Problem to work on →
In the data below, find the line containing "Photo of the"; transcribe it and each line after it exactly, through the last, skipping pictures.

[Image-caption web data]
# # # #
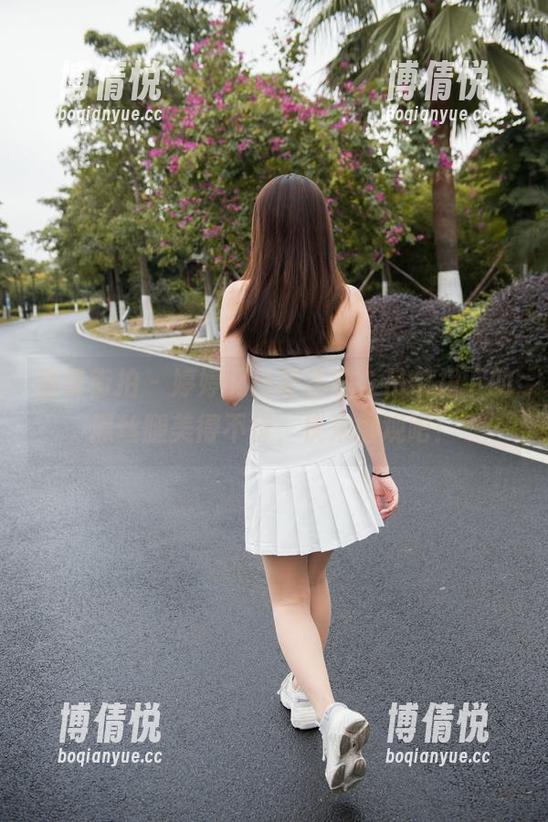 魔镜街拍 - 婷婷又出新作啦，吊带裙下的黑丝腿美得不行，快来围观吧！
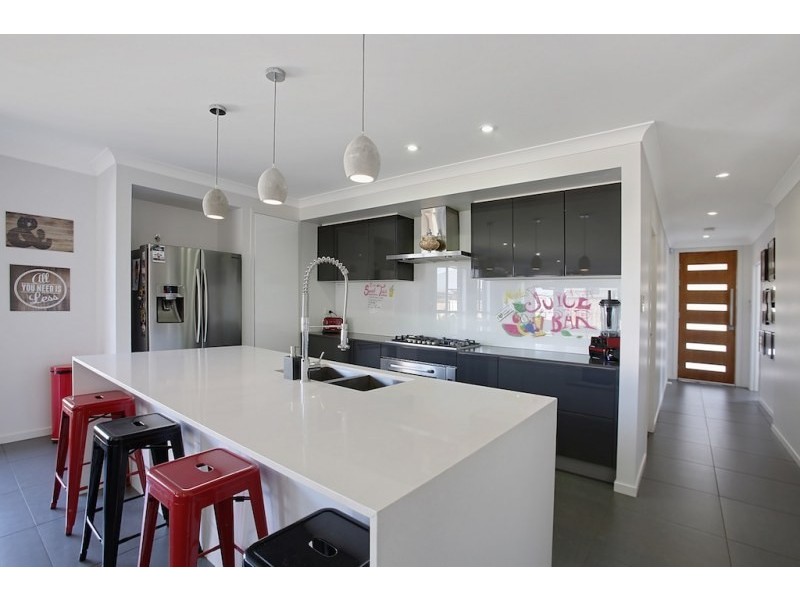 16 Rosecomb Road, Spring Farm NSW 2570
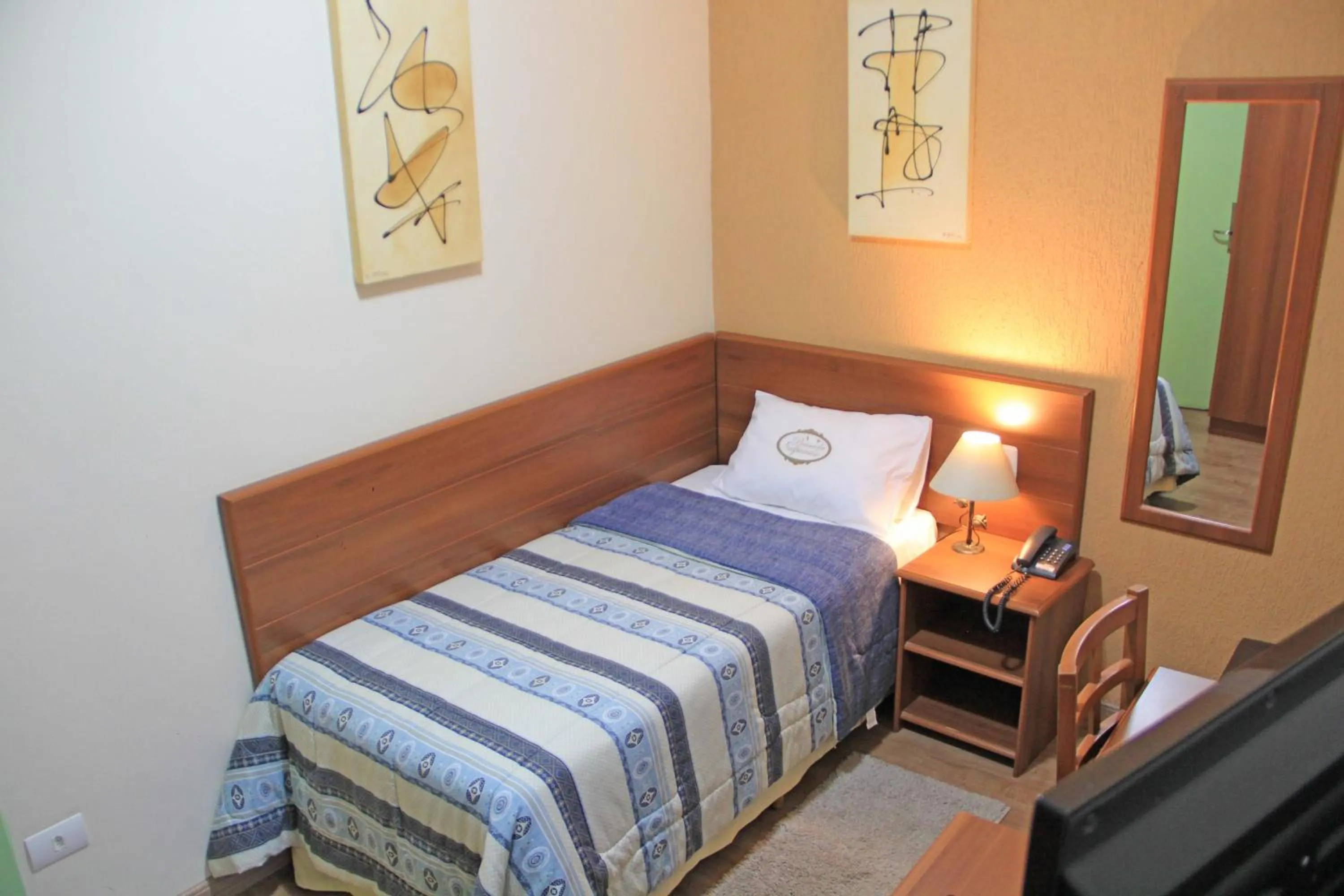 Photo of the whole room, Bed in Hotel Valparaíso - Metrô Paraíso e 800m da Av Paulista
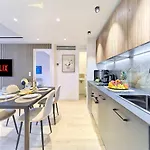 Hyper Centre - Charming Duplex - Luxury - Reversible Air Conditioning - 10 Mins From Place Massena Appartement *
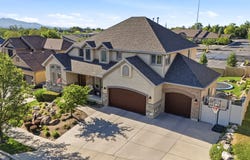 1043 E MACH SCHNELL Dr, Sandy, UT 84094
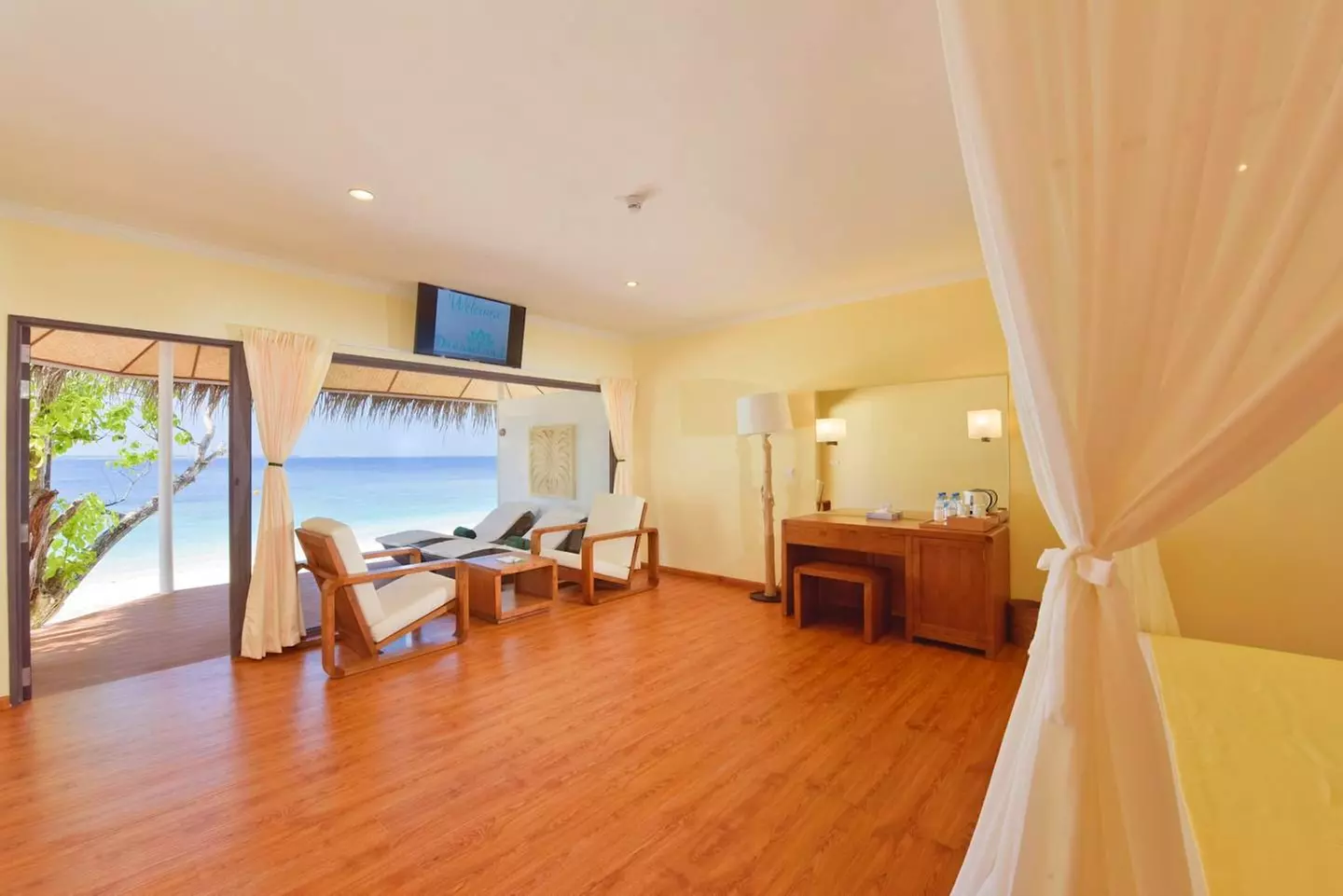 ✈ MALDIVES | Baa Atoll - Dreamland The Unique Sea & Lake Resort / S...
# # # #
Output of the exercise →
 Photo of the whole room, Bed in Hotel Valparaíso - Metrô Paraíso e 800m da Av Paulista
 Hyper Centre - Charming Duplex - Luxury - Reversible Air Conditioning - 10 Mins From Place Massena Appartement *
 1043 E MACH SCHNELL Dr, Sandy, UT 84094
 ✈ MALDIVES | Baa Atoll - Dreamland The Unique Sea & Lake Resort / S...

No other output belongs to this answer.